Sylvain Breuil va à la rencontre d'un pic vert comme on avance à tâtons dans le dédale d'un souterrain d'où surgit au loin un rai de lumière.
Sa fascination vers le pic vert, cette recherche de liberté, devient pour lui comme un besoin vital de légèreté, de survie, de résilience, de rêve et en même temps d'enfermement.
Tout évoque désormais pour lui le monde des pics verts, même lorsque l'amour entre dans sa vie, avec un premier baiser de Françoise qui se pose comme l'effleurement d'une aile d'oiseau.
Même le salon de l'appartement familial en H.L.M. devient le théâtre d'une chose insensée, irréelle, des pics verts qui traversent le soir la pièce entre 22 heures et 23 heures, ouvrant les murs et les reformant aussitôt, c'est un rituel, un ballet, un mouvement aérien et éthéré, un rendez-vous qui lui donne désormais un nouveau sens à sa vie.

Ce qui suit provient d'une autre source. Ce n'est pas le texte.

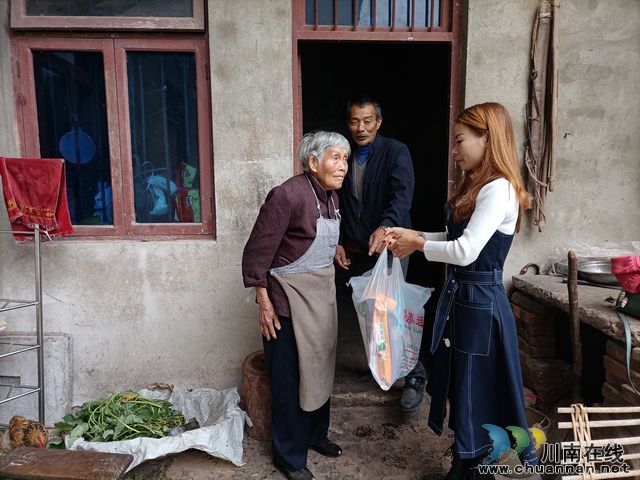 泸县召开今冬明春服务保障农民工五件实事工作推进会(图2)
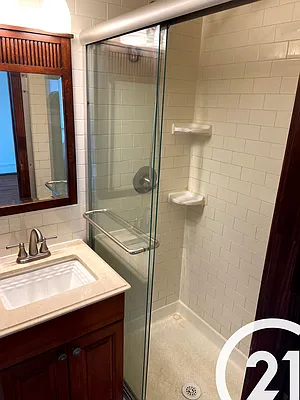 Rented by Century 21 Unique Realty | media 9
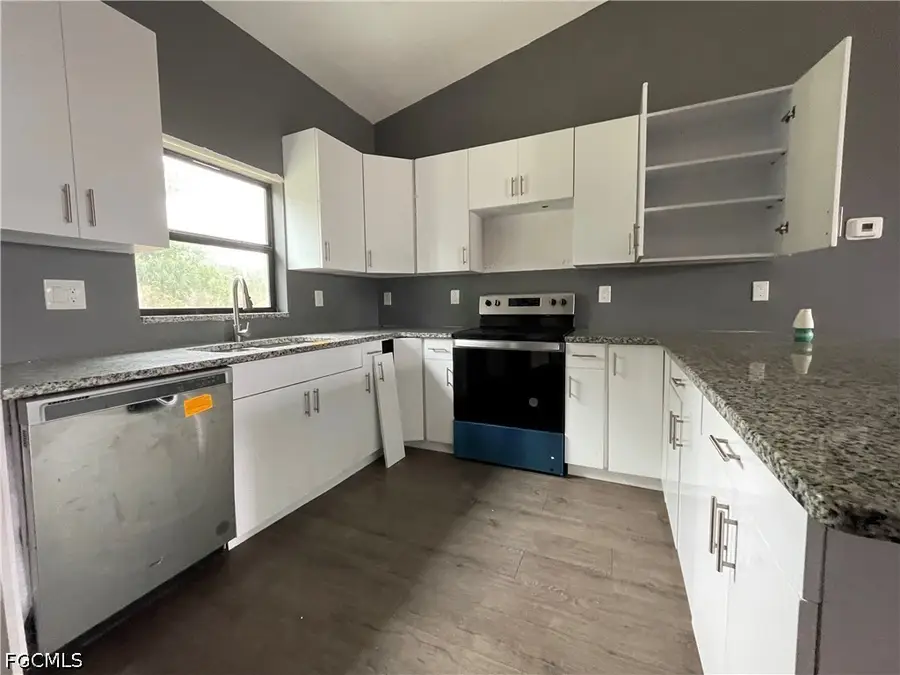 8046 Memory Circle, Labelle, FL 33935 - #2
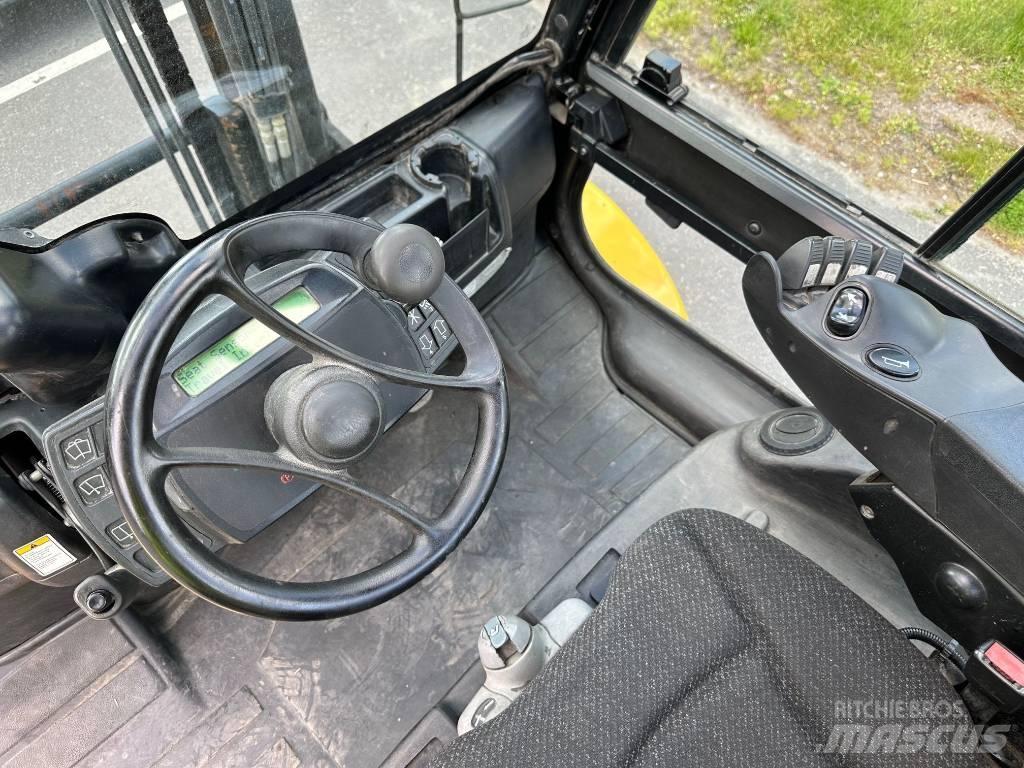 Yale GDP 70 VX Dyzeliniai krautuvai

Sylvain Breuil bientôt ne supporte plus ce qui peut faire obstacle à cette magie qui entre dans son univers...
C'est un basculement à partir d'un rêve qui va se poursuivre vers la folie...
Il y a la construction d'un enfermement à partir d'une passion qui entre dans les premières pages de ce roman avec légèreté, puis cette passion devient obsessionnelle et qui finit par nous faire mal.
J'ai beaucoup aimé ici l'écriture poétique de Chantal Dupuy-Dunier, poétesse dont le style m'avait déjà enchanté il y a quelques semaines lors de la lecture d'un de ses recueils de poèmes, Mille grues de papier. Et j'ai été emporté aussi par la construction de ce récit qui m'a tenu en haleine jusqu'aux dernières pages où nous suivons Sylvain Breuil dans sa quête éperdue d'immortalité...
C'est juste beau et terriblement émouvant.